# Electricwater heater



## Michaelcookplum (May 1, 2011)

Anyone have tricks they do to when they won't drain cause of the build up of sediment? Ive unscrewed nipples at top and stuck a small hose down attached to a pump but that can be a pain in the ass. I know how to drain it using my tricks just wandering if anyone does anything different that may work better. Thanks!!


----------



## rjbphd (Feb 5, 2010)

Michaelcookplum said:


> Anyone have tricks they do to when they won't drain cause of the build up of sediment? Ive unscrewed nipples at top and stuck a small hose down attached to a pump but that can be a pain in the ass. I know how to drain it using my tricks just wandering if anyone does anything different that may work better. Thanks!!


Use a air compressor to drain the tank


----------



## Gettinit (May 9, 2012)

Short of kicking the drain off, the pex and pump trick is all I use.


----------



## dclarke (Dec 22, 2012)

I used an air compressor to a washer hose to blow through the drain once and then it drained.


----------



## Gettinit (May 9, 2012)

I love when I get it going, shut the water off when it runs clean, go get the replacement, and come back only to find 3/4 full because it got plugged.


----------



## sburntx74 (Aug 13, 2012)

Michaelcookplum said:


> Anyone have tricks they do to when they won't drain cause of the build up of sediment? Ive unscrewed nipples at top and stuck a small hose down attached to a pump but that can be a pain in the ass. I know how to drain it using my tricks just wandering if anyone does anything different that may work better. Thanks!!

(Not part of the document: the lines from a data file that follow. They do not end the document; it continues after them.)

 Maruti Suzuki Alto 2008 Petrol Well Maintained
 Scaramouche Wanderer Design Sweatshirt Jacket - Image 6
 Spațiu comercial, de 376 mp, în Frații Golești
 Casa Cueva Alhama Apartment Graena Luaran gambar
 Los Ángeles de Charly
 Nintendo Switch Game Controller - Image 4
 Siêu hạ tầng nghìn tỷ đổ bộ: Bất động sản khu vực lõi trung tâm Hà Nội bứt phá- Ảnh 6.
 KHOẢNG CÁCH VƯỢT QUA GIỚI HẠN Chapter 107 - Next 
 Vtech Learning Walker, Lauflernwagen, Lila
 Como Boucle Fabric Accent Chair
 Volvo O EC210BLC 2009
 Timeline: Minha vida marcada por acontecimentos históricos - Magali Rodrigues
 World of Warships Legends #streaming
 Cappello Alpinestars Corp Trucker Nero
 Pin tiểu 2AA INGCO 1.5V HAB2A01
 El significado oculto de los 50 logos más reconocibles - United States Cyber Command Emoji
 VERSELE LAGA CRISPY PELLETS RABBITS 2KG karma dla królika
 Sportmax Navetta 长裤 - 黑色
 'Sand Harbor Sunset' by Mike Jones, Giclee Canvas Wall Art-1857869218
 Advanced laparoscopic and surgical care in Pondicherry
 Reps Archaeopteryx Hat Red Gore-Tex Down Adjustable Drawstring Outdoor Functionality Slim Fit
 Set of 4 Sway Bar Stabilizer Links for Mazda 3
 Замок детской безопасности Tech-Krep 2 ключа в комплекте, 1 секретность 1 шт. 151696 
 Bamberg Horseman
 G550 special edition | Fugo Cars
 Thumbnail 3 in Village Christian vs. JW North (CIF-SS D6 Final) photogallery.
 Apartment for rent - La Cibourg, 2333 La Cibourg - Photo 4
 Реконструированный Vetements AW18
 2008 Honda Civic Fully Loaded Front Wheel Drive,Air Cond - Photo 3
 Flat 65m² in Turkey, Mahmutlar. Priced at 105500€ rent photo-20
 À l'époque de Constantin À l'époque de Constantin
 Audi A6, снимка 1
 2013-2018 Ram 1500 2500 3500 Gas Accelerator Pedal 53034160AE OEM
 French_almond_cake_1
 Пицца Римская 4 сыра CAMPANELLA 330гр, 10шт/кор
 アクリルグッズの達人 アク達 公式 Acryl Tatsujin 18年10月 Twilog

Seems generic: Usually let house pressure working boiler drain back an forth clear the outlet, put hose at absolute lowest point then gravity takes over. On the other 10% used zurn compact pump with washing maching connector and a screw driver. I have used compressed air to make the job quicker but depends on my rush.


----------



## Michaelcookplum (May 1, 2011)

dclarke said:


> I used an air compressor to a washer hose to blow through the drain once and then it drained.


Good idea, keepem coming


----------



## UN1TED-WE-PLUMB (Oct 3, 2012)

I attach my hose to the drain valve.. Open drain valve with house pressure still on and blow it out while working the drain valve open and closed until it flows freely.. When that doesn't work I remove the drain valve and screw in a 3/4" black nipple with a piece of 7/8" dw hose to floor drain.


----------



## Gettinit (May 9, 2012)

UN1TED-WE-PLUMB said:


> I attach my hose to the drain valve.. Open drain valve with house pressure still on and blow it out while working the drain valve open and closed until it flows freely.. When that doesn't work I remove the drain valve and screw in a 3/4" black nipple with a piece of 7/8" dw hose to floor drain.


If that brittle plastic drain breaks.......its all over. Hopefully you will happen along the brass drains. As much as I hated the older round plastic ones with the reverse thread I loved them when there was a bunch of crap in the bottom. Open them up and shove a screwdriver in it.


----------



## JoshJ (May 10, 2012)

Gettinit said:


> I love when I get it going, shut the water off when it runs clean, go get the replacement, and come back only to find 3/4 full because it got plugged.


Isn't this the truth!

Did this once on a commercial heater on a suspended platfrom. Grocery store, wanted to minimize down time, so I went just before closing, put a hose on the drain, watched is for several minutes, going good. Came back the next morning ready to yank the thing out, and it was easily 2/3 full!:furious:


----------



## UN1TED-WE-PLUMB (Oct 3, 2012)

Gettinit said:


> If that brittle plastic drain breaks.......its all over. Hopefully you will happen along the brass drains. As much as I hated the older round plastic ones with the reverse thread I loved them when there was a bunch of crap in the bottom. Open them up and shove a screwdriver in it.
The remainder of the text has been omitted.